Input for this task:
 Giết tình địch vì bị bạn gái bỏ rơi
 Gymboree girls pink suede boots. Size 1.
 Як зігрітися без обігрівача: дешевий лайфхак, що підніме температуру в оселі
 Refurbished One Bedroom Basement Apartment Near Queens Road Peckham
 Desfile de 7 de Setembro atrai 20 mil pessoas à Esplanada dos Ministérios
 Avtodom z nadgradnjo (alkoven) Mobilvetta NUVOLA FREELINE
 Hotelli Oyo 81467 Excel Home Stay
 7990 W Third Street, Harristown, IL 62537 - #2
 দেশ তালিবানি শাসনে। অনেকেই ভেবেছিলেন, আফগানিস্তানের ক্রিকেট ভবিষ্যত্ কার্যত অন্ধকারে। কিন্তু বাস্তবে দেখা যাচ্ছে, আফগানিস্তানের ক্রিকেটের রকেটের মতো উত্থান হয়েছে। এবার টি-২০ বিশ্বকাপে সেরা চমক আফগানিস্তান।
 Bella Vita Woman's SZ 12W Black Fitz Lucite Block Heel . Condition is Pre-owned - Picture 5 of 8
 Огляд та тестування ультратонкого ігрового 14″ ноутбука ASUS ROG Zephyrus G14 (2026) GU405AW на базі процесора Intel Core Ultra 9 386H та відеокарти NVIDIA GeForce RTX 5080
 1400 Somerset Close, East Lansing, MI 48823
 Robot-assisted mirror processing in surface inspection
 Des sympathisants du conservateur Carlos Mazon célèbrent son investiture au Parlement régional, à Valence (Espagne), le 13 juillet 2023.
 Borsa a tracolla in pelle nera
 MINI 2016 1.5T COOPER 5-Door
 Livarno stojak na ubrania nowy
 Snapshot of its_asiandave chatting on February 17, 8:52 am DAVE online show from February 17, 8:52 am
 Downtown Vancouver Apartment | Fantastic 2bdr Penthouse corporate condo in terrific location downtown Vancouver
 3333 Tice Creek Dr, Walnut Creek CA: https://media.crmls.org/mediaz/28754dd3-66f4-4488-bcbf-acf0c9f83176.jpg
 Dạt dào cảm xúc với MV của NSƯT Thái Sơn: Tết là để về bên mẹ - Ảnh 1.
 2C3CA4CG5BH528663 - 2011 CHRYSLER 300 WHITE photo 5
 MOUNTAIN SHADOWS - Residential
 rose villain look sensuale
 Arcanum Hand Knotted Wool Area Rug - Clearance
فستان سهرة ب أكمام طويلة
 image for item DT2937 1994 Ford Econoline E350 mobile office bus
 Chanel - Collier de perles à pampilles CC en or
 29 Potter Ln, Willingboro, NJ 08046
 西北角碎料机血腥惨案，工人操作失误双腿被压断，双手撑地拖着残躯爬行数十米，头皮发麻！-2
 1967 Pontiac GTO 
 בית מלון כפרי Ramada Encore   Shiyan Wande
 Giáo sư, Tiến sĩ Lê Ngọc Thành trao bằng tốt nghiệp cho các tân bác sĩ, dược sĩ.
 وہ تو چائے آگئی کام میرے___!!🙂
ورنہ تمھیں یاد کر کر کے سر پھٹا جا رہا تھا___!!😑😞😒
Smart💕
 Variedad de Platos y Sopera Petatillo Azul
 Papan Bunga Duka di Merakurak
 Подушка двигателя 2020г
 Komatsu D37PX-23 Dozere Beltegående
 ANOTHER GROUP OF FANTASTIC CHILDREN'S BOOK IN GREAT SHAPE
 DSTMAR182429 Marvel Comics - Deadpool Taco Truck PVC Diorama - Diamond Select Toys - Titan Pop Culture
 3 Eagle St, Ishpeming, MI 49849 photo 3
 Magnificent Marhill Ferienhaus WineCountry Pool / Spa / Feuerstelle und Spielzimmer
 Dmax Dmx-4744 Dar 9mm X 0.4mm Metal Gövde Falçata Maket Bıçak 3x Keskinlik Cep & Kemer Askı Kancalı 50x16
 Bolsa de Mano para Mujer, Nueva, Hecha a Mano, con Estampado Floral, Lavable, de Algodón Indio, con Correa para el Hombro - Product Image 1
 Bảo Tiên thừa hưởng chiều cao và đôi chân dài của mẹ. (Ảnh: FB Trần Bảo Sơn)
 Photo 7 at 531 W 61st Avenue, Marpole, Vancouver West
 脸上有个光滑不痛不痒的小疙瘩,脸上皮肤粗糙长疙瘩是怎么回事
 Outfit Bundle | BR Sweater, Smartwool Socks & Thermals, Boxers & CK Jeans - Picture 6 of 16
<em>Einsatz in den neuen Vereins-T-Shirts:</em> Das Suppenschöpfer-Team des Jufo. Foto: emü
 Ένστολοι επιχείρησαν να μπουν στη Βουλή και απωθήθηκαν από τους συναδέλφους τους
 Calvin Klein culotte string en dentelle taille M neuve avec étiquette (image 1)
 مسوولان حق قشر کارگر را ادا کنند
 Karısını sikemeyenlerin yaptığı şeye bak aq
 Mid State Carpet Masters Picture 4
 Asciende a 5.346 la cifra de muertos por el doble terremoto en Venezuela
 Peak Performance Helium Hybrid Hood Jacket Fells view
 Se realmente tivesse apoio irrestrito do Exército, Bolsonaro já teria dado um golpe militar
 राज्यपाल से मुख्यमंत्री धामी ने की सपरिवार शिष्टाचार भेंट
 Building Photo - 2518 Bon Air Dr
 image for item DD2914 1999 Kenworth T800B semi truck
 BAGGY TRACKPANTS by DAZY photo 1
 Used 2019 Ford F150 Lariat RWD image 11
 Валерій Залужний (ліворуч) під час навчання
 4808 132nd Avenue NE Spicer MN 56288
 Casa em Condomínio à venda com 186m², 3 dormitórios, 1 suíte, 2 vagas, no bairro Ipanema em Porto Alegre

Work instruction: The response should be the listing above, limited to the lines between the one holding "Bella Vita Woman's" and the one holding "Des sympathisants du", inclusive, reproduced exactly.

Answer to this task:
 Bella Vita Woman's SZ 12W Black Fitz Lucite Block Heel . Condition is Pre-owned - Picture 5 of 8
 Огляд та тестування ультратонкого ігрового 14″ ноутбука ASUS ROG Zephyrus G14 (2026) GU405AW на базі процесора Intel Core Ultra 9 386H та відеокарти NVIDIA GeForce RTX 5080
 1400 Somerset Close, East Lansing, MI 48823
 Robot-assisted mirror processing in surface inspection
 Des sympathisants du conservateur Carlos Mazon célèbrent son investiture au Parlement régional, à Valence (Espagne), le 13 juillet 2023.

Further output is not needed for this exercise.